De Wet toekomst pensioenen moet gaan zorgen voor een duurzaam en houdbaar pensioenstelsel met behoud van het goede van het oude stelsel (solidariteit en het met elkaar delen van risico’s).
Het pensioenakkoord op hoofdlijnen:
- AOW leeftijd stijgt minder snel
- Op pensioendatum kunnen gepensioneerden straks maximaal 10% van het door hun opgebouwde pensioen opnemen
- De pensioenregeling wordt een premieregeling met een fiscaal gemaximeerde pensioenpremie. Dat is een regeling waarbij er geen afspraken worden gemaakt over de uitkering tijdens het pensioen, maar over het geld dat werkgevers en evt. werknemers betalen en daarmee inleggen voor het pensioen.
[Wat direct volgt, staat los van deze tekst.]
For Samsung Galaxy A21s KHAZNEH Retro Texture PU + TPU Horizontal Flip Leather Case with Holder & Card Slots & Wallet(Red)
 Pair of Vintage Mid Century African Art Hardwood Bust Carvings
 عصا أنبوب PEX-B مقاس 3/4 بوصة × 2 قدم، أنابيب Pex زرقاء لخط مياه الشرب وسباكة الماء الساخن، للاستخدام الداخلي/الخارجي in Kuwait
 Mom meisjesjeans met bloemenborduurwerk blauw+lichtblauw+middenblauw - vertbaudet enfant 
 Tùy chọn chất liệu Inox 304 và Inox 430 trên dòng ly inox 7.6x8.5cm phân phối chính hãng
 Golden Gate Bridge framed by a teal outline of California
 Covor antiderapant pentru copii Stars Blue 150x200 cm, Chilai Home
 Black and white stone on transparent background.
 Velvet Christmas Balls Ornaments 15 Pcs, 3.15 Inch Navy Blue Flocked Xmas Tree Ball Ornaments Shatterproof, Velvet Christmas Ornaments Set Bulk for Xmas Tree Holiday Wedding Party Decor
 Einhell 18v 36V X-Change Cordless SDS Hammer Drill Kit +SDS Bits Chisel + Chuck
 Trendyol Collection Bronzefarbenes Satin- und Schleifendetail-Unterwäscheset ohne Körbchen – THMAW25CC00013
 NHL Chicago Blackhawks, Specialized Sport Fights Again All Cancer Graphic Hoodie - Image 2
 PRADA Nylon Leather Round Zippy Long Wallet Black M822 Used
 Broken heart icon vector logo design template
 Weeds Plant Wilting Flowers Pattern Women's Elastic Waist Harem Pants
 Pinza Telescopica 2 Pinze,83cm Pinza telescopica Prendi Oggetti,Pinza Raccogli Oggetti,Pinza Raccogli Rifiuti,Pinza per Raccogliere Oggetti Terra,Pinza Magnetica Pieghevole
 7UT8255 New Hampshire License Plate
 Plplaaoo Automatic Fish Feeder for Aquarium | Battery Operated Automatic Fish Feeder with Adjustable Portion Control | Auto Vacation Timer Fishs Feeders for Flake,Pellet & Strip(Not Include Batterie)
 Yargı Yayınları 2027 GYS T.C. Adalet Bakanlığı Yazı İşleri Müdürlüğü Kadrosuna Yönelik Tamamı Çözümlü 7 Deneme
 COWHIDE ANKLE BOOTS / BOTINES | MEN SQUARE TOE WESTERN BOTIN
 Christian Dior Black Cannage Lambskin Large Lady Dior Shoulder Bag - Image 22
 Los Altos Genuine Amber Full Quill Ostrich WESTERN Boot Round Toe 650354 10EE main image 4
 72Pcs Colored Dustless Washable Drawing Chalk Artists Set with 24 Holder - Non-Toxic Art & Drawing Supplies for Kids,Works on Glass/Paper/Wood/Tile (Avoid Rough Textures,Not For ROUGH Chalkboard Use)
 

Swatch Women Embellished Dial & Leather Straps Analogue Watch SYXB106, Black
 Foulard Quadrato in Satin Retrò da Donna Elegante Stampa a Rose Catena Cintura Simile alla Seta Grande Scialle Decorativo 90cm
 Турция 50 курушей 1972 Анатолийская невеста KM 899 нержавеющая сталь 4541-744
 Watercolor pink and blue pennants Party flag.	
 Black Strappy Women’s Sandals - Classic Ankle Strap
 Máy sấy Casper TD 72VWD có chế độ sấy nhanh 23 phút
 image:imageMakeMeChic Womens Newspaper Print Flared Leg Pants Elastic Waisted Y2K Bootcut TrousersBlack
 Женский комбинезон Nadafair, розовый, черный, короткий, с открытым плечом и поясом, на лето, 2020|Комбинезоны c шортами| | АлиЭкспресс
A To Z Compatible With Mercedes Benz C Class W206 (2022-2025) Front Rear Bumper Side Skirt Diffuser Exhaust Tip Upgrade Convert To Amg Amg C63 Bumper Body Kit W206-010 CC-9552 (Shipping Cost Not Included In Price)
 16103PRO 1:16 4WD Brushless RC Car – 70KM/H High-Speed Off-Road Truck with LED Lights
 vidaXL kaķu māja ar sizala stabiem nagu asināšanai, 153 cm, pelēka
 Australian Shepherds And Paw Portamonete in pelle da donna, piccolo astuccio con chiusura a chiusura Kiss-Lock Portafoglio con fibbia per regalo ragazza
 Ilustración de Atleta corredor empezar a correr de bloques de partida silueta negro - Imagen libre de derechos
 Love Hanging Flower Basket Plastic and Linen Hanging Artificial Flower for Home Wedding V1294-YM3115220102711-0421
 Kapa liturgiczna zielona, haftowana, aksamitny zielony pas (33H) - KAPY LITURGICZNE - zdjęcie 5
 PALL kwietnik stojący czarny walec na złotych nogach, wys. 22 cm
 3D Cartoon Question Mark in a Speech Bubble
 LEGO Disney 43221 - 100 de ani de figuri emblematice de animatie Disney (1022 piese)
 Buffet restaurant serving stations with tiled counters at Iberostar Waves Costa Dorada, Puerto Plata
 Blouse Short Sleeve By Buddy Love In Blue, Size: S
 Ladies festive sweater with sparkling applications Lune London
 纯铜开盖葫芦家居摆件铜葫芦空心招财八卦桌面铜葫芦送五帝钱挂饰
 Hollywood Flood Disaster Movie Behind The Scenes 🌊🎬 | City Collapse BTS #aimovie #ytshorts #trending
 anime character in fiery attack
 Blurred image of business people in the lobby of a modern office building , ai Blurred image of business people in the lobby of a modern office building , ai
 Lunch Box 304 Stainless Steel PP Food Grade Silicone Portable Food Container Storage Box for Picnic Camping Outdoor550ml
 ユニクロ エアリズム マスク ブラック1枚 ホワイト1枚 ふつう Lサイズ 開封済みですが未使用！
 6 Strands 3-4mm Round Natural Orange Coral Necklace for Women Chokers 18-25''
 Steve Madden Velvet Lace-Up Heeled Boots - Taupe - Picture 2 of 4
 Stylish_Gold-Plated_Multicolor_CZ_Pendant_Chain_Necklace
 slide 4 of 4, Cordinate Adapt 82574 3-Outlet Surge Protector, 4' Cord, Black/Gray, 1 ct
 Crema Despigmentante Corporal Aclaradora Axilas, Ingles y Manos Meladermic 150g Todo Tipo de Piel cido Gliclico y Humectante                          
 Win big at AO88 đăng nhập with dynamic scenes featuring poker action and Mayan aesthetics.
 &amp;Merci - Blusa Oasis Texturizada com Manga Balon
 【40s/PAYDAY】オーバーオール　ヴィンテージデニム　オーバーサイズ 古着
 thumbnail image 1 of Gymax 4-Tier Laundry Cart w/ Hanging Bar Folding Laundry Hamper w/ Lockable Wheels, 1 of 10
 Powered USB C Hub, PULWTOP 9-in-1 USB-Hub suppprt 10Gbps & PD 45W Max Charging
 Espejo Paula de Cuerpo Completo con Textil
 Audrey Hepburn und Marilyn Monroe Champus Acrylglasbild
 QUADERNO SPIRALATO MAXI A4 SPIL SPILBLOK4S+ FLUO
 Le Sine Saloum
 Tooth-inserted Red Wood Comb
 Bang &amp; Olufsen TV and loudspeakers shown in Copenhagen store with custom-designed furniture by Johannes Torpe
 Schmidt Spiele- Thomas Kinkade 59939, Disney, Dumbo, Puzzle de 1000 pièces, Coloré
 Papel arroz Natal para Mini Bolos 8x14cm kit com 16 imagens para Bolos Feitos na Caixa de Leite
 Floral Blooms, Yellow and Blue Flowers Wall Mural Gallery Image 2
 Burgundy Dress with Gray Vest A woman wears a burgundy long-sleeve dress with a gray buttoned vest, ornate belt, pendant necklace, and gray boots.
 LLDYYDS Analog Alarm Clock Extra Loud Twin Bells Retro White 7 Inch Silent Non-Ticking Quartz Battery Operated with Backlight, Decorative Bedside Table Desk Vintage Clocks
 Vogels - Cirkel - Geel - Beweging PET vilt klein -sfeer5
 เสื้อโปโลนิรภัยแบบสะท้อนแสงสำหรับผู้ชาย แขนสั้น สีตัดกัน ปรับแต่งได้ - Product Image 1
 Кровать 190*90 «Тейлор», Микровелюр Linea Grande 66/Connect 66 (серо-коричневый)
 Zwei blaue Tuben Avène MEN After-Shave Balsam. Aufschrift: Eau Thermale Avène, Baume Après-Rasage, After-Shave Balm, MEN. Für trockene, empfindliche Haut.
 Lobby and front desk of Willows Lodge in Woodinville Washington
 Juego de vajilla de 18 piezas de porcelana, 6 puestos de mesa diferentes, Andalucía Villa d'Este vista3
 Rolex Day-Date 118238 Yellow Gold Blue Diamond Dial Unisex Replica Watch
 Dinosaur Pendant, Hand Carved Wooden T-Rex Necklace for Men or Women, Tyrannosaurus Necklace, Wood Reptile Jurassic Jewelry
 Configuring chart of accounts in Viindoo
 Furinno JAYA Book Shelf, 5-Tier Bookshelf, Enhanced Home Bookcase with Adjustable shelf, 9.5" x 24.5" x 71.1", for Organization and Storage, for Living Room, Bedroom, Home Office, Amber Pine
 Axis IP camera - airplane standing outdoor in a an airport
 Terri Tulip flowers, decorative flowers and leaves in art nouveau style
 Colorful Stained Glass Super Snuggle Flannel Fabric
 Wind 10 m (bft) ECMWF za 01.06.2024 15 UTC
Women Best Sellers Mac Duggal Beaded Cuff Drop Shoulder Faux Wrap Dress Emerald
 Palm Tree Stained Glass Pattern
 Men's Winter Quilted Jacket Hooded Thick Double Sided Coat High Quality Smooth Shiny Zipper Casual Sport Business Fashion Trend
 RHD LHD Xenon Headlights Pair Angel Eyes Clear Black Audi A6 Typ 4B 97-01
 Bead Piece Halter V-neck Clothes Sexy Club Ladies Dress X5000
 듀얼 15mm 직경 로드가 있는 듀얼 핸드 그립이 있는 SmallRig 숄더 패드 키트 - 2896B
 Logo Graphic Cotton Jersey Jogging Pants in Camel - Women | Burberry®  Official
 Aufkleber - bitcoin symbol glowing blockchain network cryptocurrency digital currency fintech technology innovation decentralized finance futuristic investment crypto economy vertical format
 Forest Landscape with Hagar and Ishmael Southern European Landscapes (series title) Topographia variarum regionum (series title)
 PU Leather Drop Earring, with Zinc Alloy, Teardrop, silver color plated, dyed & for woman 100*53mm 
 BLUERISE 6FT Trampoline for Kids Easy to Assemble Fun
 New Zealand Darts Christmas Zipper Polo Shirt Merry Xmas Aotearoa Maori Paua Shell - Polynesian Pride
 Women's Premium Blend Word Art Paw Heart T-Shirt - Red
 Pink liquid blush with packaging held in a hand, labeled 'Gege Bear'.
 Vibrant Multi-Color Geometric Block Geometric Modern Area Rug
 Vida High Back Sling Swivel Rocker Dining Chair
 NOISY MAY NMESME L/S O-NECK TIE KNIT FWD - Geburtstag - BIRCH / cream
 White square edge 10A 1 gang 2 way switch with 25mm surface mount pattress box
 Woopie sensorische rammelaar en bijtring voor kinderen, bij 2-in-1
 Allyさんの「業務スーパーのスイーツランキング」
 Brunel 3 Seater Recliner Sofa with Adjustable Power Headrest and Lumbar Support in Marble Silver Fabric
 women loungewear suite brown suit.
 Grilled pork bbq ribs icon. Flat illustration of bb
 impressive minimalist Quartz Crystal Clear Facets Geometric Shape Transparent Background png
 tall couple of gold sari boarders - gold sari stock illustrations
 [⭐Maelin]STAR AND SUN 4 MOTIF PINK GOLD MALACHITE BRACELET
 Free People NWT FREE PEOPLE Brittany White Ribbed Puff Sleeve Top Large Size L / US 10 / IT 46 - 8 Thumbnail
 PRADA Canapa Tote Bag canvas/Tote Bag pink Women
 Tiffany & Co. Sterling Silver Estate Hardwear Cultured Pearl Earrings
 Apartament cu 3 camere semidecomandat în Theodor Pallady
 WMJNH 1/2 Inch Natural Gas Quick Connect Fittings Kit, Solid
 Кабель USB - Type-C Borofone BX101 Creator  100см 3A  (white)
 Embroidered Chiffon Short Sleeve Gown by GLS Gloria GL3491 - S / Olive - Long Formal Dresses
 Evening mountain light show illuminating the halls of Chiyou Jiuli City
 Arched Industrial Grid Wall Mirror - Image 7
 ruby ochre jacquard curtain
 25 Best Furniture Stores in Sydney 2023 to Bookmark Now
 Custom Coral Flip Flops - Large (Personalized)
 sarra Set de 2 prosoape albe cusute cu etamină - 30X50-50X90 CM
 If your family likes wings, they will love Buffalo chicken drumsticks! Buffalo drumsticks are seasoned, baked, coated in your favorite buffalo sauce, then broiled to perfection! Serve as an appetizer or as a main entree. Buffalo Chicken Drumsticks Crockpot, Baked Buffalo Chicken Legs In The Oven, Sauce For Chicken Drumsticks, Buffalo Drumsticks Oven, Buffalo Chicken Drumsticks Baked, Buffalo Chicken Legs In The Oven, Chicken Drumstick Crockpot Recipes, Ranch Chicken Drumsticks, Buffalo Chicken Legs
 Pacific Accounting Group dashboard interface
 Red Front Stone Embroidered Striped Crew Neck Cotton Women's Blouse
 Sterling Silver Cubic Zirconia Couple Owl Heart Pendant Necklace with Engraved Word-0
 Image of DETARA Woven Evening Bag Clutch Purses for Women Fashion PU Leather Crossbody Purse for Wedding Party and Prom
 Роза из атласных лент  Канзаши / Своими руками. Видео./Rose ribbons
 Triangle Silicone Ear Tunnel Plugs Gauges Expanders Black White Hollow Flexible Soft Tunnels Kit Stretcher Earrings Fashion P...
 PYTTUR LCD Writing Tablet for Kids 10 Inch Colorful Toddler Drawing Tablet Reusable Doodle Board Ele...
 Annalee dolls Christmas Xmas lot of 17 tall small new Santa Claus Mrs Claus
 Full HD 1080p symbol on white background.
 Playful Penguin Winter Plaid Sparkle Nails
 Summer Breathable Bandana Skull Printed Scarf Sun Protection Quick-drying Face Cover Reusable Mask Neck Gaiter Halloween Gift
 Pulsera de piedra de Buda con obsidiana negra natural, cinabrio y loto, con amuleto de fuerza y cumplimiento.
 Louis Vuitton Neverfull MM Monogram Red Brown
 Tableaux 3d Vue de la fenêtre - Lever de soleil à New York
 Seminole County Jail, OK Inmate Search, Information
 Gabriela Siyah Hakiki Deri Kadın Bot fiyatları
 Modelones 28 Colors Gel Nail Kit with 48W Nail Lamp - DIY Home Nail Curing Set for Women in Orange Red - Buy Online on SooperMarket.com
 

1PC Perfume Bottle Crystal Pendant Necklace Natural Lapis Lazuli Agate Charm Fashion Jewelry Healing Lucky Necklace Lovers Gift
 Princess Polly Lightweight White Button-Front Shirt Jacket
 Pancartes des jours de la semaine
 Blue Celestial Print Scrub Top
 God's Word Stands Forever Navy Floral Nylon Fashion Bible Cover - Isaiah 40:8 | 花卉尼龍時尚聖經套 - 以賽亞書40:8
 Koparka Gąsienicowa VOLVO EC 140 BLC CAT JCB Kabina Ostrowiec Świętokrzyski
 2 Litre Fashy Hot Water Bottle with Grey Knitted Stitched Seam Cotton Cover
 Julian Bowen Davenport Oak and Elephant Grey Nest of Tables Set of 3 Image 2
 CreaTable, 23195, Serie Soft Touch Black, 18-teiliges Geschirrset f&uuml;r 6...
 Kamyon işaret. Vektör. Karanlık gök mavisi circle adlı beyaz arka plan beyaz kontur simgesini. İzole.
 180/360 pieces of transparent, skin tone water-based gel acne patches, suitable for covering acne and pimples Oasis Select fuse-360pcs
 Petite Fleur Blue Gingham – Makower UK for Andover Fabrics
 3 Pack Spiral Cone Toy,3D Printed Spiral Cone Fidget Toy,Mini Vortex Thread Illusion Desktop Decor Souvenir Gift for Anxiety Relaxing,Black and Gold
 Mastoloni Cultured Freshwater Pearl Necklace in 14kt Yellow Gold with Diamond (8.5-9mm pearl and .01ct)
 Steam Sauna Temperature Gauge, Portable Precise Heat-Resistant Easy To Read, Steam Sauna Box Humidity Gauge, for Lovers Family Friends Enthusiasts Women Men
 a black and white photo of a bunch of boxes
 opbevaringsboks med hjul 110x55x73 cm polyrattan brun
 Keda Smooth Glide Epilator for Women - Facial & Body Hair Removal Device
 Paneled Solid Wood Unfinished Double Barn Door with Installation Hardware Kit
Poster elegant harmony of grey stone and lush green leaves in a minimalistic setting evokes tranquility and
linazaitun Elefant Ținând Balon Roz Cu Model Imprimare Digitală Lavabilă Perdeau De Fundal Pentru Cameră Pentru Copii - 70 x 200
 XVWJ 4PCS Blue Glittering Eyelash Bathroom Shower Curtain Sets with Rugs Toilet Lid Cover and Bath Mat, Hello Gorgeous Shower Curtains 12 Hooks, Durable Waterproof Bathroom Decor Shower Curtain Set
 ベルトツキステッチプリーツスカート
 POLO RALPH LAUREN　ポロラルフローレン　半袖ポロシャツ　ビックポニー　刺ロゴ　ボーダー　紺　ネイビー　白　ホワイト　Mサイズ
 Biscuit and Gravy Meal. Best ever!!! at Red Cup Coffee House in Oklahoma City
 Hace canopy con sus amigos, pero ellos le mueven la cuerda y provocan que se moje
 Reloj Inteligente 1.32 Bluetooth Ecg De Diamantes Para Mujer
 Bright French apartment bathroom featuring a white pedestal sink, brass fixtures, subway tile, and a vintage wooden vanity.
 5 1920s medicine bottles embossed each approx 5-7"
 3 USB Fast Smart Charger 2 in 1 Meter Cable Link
- Pensioen gaat meebewegen met de economie. Hierdoor kan het verwachte pensioen ieder jaar omhoog of omlaag gaan. De pensioenuitkering van gepensioneerden gaat zo min mogelijk schommelen.
Lees hier meer over belangrijke veranderingen
De AOW-leeftijd stijgt minder snel
Onderdeel van dit pensioenakkoord is dat de AOW-leeftijd minder snel zal stijgen. De AOW-leeftijd stijgt mee met de gemiddelde levensverwachting. Maar niet even snel.
Onderstaande tabel geeft de nieuwe AOW leeftijden aan:
Jaar |
AOW leeftijd akkoord |
2019 |
66 jaar en 4 maanden |
2020 |
66 jaar en 4 maanden |
2021 |
66 jaar en 4 maanden |
2022 |
66 jaar en 7 maanden |
2023 |
66 jaar en 10 maanden |
2024 |
67 jaar |
2025 |
67 jaar |
Vanaf 2025 stijgt de AOW-leeftijd niet met 1 jaar, per jaar dat we langer leven, maar met 8 maanden. Ben je benieuwd wanneer je AOW ontvangt? Kijk dan op de website van de Sociale Verzekeringsbank: SVB.nl.
De pensioenplanner is aangepast aan deze nieuwe AOW leeftijden.
Iedereen krijgt een 'premieregeling'
In de huidige middelloonregeling is de hoogte van de pensioenuitkering het uitgangspunt. In het nieuwe pensioenstelsel komen er 2 mogelijke nieuwe pensioenregelingen. In beide regelingen is de ingelegde premie het uitgangspunt in plaats van de hoogte van de pensioenuitkering. Je bouwt een persoonlijk pensioenkapitaal op. Zo wordt duidelijker wat je aan premie inlegt en wat je daarmee aan kapitaal opbouwt.
De solidaire premieregeling: voorheen bekend als ‘het nieuwe pensioencontract’
De deelnemer bouwt een persoonlijk pensioenkapitaal op met de voor hem betaalde premies en de beleggingsresultaten. De premie wordt namelijk samen met de pensioenpremie van de andere deelnemers belegd. Er is sprake van één beleggingsbeleid voor zowel actieve deelnemers, gewezen deelnemers als pensioengerechtigden. De deelnemer kan in deze regeling géén risicoprofiel kiezen en er zal een risicoprofiel bepaald worden voor alle deelnemers samen.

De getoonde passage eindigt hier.